The database costs $300,000, but officials said they estimated the system to save the town $1.7 million dollars over five years, primarily in reduced costs associated with labor and time. The project uses geographic information system technology to map roadways and "assets" such as sidewalks, street signs, lights and hydrants. It is expected to be operating by fall.
“It's taken the town's asset inventory system from the Stone Age into the Tech Age that we're all living in,” Supervisor Judi Bosworth said last week.
The town’s current inventory system of road signs, hydrants and other assets mostly relies on institutional knowledge and handwritten index cards.
“There is tremendous cost savings in terms of having it readily available without someone having to go through that box [of index cards] or rely on someone's memory,” Bosworth said.
When a resident reports a missing street sign, a highway department worker currently has to first go to the scene to inspect the situation. Once the new database is in place, that worker can just log into the database through a digital device to see what sign is needed and go to the location to install it, fixing the problem in one trip.
Other than tracking government assets, the system also rates pavement conditions, covering 300 miles of town roads and 6 miles of village roads. Municipal officials said that gives them a map of their pavement infrastructure and helps them prioritize their repaving schedule.

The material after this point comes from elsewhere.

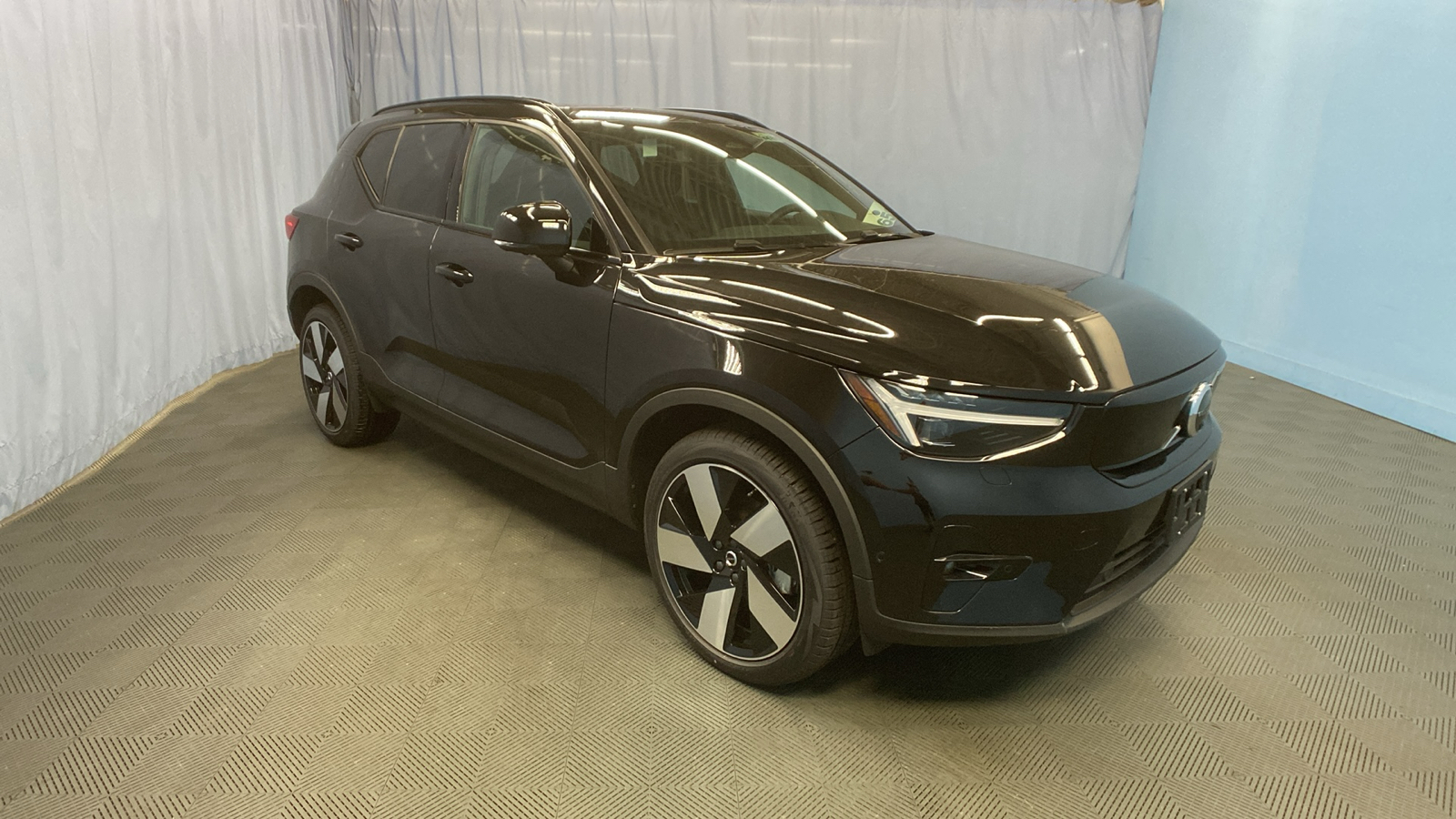 2024 Volvo XC40 Recharge Pure Electric Ultimate 1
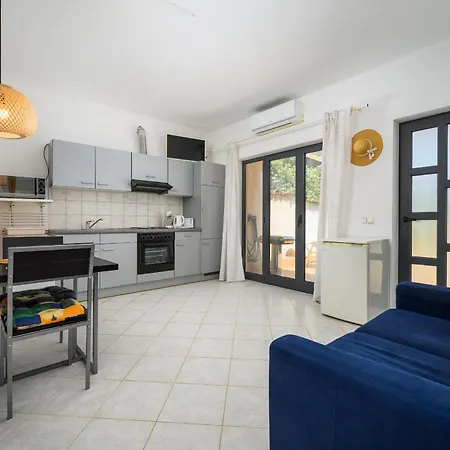 Apartment House Monique With Pool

“We are in the midst of doing major roadwork, and this will help us budget and schedule,” Port Washington North Mayor Bob Weitzner said, adding that the data establishes criteria for prioritizing repaving projects.
Weitzner said the database not only helps his village plan for road projects but also pinpoints any deficiencies the village has before any resident reports it.
“We want to make sure that we’ve got the best street signs, traffic signs that are out there so that there’s no such thing as a stop sign that doesn’t reflect at night, or a yield sign, or a children crossing sign that may be faded,” the mayor said.
Craig Schorling, vice president of Transmap, a Columbus, Ohio-based company with the contract for the mapping and digitalizing, said that drivers finished surveying the roads in early May. He expects the database to be completed by September and said the results will be presented to the town and village in fall.
The town and village received a one-time $270,000 grant from the New York State Department of State in 2015 and provided a local match of $30,000 to pay for the Transmap contract and software and hardware needed for the database. town spokeswoman Carole Trottere said the town will maintain and update the database after Transmap trains town staff.
North Hempstead moves to digital roadway database
- The mapping project costs $300,000.
- Officials said the project will save the town $1.7 million in labor costs over five years.
- The project is paid for by a $270,000 grant from the New York Department of State in 2015 and a local match of $30,000.
- The project surveyed 300 miles of town roads and 6 miles of village roads.